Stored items
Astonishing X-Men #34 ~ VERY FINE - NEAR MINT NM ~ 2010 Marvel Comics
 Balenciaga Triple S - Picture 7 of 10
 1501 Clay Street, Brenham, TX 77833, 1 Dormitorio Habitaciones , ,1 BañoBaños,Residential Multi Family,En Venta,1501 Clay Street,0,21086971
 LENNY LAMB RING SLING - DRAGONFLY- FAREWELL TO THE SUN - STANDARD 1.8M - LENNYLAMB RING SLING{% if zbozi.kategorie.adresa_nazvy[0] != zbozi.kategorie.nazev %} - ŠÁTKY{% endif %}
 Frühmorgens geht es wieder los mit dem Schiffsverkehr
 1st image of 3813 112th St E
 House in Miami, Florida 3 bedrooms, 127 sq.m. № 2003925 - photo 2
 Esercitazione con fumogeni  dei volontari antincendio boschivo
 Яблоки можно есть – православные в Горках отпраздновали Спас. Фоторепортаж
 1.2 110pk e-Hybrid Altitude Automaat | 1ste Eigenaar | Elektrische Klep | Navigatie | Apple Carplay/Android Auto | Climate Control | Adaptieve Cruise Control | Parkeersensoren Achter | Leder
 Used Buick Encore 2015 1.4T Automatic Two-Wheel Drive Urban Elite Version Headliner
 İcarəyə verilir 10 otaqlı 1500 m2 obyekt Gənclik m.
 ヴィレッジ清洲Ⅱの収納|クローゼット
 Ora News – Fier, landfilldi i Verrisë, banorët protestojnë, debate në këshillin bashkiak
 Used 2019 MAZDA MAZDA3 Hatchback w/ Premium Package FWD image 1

EXERCISE DESCRIPTION:
Begin with the line containing "Яблоки можно есть" and repeat each line exactly until the records above end.

REPLY:
 Яблоки можно есть – православные в Горках отпраздновали Спас. Фоторепортаж
 1.2 110pk e-Hybrid Altitude Automaat | 1ste Eigenaar | Elektrische Klep | Navigatie | Apple Carplay/Android Auto | Climate Control | Adaptieve Cruise Control | Parkeersensoren Achter | Leder
 Used Buick Encore 2015 1.4T Automatic Two-Wheel Drive Urban Elite Version Headliner
 İcarəyə verilir 10 otaqlı 1500 m2 obyekt Gənclik m.
 ヴィレッジ清洲Ⅱの収納|クローゼット
 Ora News – Fier, landfilldi i Verrisë, banorët protestojnë, debate në këshillin bashkiak
 Used 2019 MAZDA MAZDA3 Hatchback w/ Premium Package FWD image 1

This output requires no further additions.